Most people have darker sides to their personalities, and most do things that, with hindsight, seem so far removed from who they are now and what they believe in the present that it feels as if they were done by someone else. How many good men have gone to war? How many have done the unthinkable, have sacrificed their principles, for the sake of a greater good? The beauty of Moffat’s idea is that Doctor Who can take this abstract conceit and make it solid. The ghost of the Doctor’s past, of his most terrible day, can wear its own face, even take on its own temperament. The Doctor can try to divorce himself from his ‘Warrior’ self, lock his past self away in the recesses of his mind, strip him of his name and lay all the guilt at his door, but when it comes down to it, this ‘Warrior’ is the Doctor as much as the man in the fez who thinks that bow ties are cool. The incumbent Doctor might call his past self “…the one who broke the promise…” of his name, but The Night of the Doctor shows us that the truth is far more compelling than that. It was the Doctor, the eighth Doctor, who made a conscious choice to eschew the trappings of his carefully-chosen title and be reborn as a warrior capable of ending the destructive conflict. The duress might have been extreme, but nonetheless the “man who never would”, most definitively did.
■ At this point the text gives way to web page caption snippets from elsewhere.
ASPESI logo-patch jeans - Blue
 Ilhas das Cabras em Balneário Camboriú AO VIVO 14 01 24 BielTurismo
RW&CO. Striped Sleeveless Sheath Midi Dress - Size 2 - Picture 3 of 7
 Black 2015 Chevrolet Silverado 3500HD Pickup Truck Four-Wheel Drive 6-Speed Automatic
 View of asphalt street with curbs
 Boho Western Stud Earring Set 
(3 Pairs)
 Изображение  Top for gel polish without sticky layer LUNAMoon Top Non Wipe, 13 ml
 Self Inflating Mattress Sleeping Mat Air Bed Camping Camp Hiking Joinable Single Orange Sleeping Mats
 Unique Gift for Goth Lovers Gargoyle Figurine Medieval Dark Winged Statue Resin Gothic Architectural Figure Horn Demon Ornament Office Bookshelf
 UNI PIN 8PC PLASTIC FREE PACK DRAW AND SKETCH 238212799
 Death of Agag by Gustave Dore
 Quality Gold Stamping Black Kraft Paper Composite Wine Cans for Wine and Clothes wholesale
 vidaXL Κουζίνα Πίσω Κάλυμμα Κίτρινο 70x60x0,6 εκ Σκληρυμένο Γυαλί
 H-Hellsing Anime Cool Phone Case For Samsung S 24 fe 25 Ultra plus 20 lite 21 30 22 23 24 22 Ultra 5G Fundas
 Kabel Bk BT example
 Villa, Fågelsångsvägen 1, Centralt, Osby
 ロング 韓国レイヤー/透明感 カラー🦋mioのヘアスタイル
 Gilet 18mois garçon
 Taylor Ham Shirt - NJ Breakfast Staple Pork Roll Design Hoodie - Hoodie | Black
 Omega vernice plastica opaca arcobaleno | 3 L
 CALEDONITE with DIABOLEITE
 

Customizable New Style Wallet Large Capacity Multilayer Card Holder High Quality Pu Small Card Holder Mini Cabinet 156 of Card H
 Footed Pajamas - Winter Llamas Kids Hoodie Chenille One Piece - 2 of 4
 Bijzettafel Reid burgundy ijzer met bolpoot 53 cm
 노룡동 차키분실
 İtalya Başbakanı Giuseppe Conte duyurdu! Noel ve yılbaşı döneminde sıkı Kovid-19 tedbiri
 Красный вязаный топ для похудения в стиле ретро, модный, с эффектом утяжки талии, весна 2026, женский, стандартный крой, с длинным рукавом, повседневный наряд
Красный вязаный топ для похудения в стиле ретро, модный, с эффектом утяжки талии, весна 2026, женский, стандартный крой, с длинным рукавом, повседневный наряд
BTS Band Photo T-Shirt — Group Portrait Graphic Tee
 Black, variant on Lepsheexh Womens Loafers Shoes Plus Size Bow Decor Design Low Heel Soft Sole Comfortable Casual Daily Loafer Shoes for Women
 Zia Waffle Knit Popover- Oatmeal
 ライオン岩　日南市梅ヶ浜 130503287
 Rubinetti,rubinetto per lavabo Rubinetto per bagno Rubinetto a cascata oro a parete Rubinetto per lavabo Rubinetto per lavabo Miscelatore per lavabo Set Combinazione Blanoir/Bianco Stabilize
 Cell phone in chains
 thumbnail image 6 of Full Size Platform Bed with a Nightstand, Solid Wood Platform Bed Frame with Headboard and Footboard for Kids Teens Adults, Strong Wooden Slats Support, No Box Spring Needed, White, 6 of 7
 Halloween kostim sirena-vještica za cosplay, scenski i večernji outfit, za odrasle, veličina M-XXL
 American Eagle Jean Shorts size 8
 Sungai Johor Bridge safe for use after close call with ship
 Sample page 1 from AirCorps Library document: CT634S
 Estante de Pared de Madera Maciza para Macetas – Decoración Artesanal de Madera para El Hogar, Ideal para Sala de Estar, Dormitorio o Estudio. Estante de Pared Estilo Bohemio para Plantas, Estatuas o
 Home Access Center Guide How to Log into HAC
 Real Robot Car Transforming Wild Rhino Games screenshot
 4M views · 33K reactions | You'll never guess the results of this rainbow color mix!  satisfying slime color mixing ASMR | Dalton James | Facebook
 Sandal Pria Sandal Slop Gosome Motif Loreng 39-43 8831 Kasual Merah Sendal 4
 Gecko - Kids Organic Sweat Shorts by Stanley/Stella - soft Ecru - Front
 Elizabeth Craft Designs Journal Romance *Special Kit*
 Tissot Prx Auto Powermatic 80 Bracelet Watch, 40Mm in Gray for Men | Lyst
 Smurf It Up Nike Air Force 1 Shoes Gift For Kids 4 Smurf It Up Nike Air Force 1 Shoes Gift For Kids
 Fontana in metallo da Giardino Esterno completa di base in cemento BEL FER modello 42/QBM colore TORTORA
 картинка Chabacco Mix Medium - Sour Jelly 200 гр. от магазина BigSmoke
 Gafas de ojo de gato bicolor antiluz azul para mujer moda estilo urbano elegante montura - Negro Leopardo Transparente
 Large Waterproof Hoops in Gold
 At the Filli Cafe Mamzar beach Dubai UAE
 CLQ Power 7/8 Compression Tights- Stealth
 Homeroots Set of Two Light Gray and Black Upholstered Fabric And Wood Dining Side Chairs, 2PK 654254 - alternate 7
And McGann is so bloody good here; so bloody intense. Having become so accustomed to hearing that RP-veiled velvet Scouse in isolation, it really took me aback to actually see him bounding out of the TARDIS, his daft wig and cowboy costume long-since lost in the trenches of Earth’s Great War in Dark Eyes. His presence is immediately persuasive, and as the story progresses it becomes powerful, eventually frightening. The Night of the Doctor really showcases how brutally short-changed he and we were when it comes to television, while at the same time embracing and celebrating the aural icon that he’s become, as he runs through the most notable of his Big Finish companions in a last-gasp salute. It’s an astonishingly generous and unprecedented gesture from Moffat (albeit one that reeks of contrivance in an otherwise tight script) as it effectively puts the canonicity of the Big Finish audio dramas beyond naysayers’ reproach, and will hopefully steer many fans of the revived series towards the Big Finish product.



Of course, such a bold move is likely to encounter some resistance, particularly as John Hurt’s incarnation of the Time Lord seems to have “wasted” one of the Doctor’s thirteen lives, but I think that it is this sense of sacrifice that makes the move so dramatically staggering. In his memoirs, former producer John Nathan-Turner spoke of how he insisted that the Doctor’s bitter “Valeyard” self seen in The Trial of a Time Lord could not be a concrete regeneration, and as a result the fudged, intra-incarnation spectre lacked any real sense of weight. Besides, it doesn’t automatically follow that Peter Capaldi’s thirteenth incarnation will be the last Doctor – as evidenced by the Sisterhood of Karn’s explained-in-a-line actions here, there are innumerable ways in which the Doctor’s regeneration cycle could be extended. Provided that the series is careful not to paint him as someone who wants to survive at all costs, á la the Master, then there’s no reason that the series can’t inflict immortality on the Doctor. He should be the lonely god that has to live forever – not because he wants to, but because we wouldn’t have it any other way.


Copyright © E.G. Wolverson 2013


E.G. Wolverson has asserted his right under the Copyright, Design

 and Patents Act 1988, to be identified as the author of this work.


Originally published on E.G. Wolverson's blog

as part of the Beyond History's End series


It is not clear how long has passed for the Doctor since the events of his final Big Finish audio adventure, but the Doctors failure to mention any companions beyond Molly in his salute suggests that this episode takes place not long after they part company. This is far from concrete, however, as Big Finish companions of less note, such as Mary and Samson, are not referred to here, nor are any companions from other media. This might suggest that Steven Moffat doesn’t consider the eighth Doctor’s adventures outside Big Finish canon; those who chose to believe otherwise can, as ever, blame it on the Time War.